These are the key concepts you need to understand to accurately answer the question.

Planck's Constant
Planck's Constant is a fundamental constant used in quantum mechanics that relates the energy of a photon to its frequency. Denoted by the symbol \( h \), its value is approximately \( 6.63 \times 10^{-34} \, \text{J s} \). This tiny value highlights the minute energies involved in individual photons compared to everyday objects.
In the formula \( E = \frac{hc}{\lambda} \), Planck's Constant \( h \) is used along with the speed of light \( c \) and the wavelength \( \lambda \) to determine the energy \( E \) of a single photon. The interplay of these constants allows us to translate the seemingly abstract concept of wave properties into tangible energy values. Understanding this relationship is crucial to grasp topics like the photoelectric effect and quantum theory.
Key points about Planck's Constant include:
  • Bridges a gap between the energy and frequency of electromagnetic waves.

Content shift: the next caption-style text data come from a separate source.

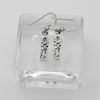 Sterling Silver Dangle Earrings Vertical Japanese Kanji Script Design
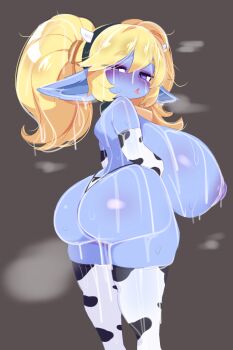 1girl :< animal_print ass bikini blonde_hair blue_skin blush closed_mouth colored_skin commentary cow_print cow_print_bikini cow_print_gloves cow_print_thighhighs cum cum_on_body curvy dated_commentary elbow_gloves fake_horns gloves grey_background half-closed_eyes highres horns huge_ass kukuchi581 league_of_legends long_hair looking_at_viewer nipples nude pointy_ears poppy_(league_of_legends) print_bikini print_gloves print_thighhighs purple_eyes shortstack simple_background solo swimsuit thighhighs tongue tongue_out twintails variant_set yordle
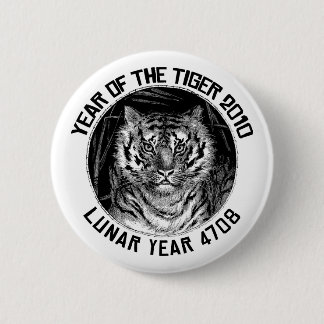 Lunar Year 4708 Year of The Tiger 2010 6 Cm Round Badge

  • Essential in explaining how energy is quantized in quantum mechanics.
  • Integral in calculations involving photon emissions in lasers and other devices.
Understanding and correctly applying Planck's Constant can profoundly impact how we compute and conceptualize energy transformations at the microscopic level.
Photon Energy
Photon Energy refers to the energy carried by a single photon, the basic unit of light and other electromagnetic radiation. It is a direct result of the frequency and wavelength associated with that photon.
The relationship between these properties is given by the formula \( E = \frac{hc}{\lambda} \). By substituting the constants for Planck's Constant \( h \) and the speed of light \( c \), as well as the wavelength \( \lambda \), you can calculate the energy \( E \) of a photon in joules. This formula highlights how the energy of a photon is inversely proportional to its wavelength. Therefore, shorter wavelengths imply higher energy photons.
Important aspects of calculating Photon Energy include:
  • The equation's dependence on accurate measurements of the listed constants.
  • How varying wavelengths affect energy levels.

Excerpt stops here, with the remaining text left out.